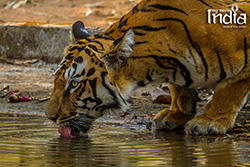 Tadoba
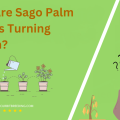 Why Are Sago Palm Leaves Turning Brown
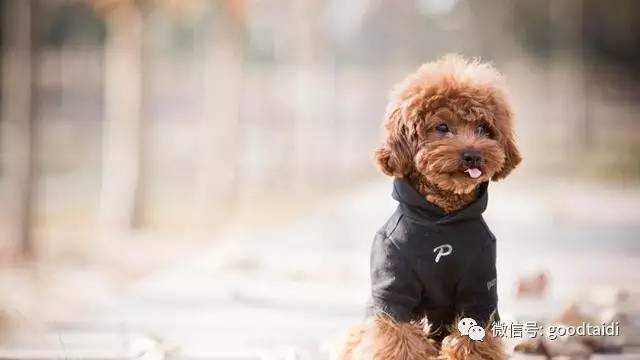 心疼小泰迪,小泰迪一定不能吃什么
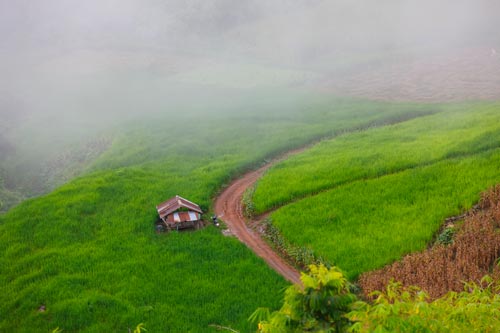 ศูนย์พัฒนาโครงการหลวงห้วยแล้ง จังหวัดเชียงราย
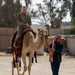 Airmen journey through the sands with a bazaar and camel riding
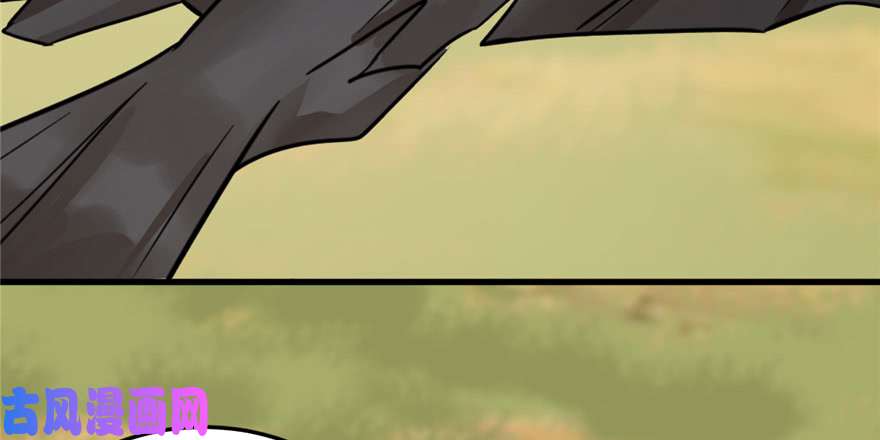 毒步天下：特工神医小兽妃41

- _Work to complete_:
Repeat the records verbatim, excluding pictures.

- _Result for this task_:
 Tadoba
 Why Are Sago Palm Leaves Turning Brown
 心疼小泰迪,小泰迪一定不能吃什么
 ศูนย์พัฒนาโครงการหลวงห้วยแล้ง จังหวัดเชียงราย
 Airmen journey through the sands with a bazaar and camel riding
 毒步天下：特工神医小兽妃41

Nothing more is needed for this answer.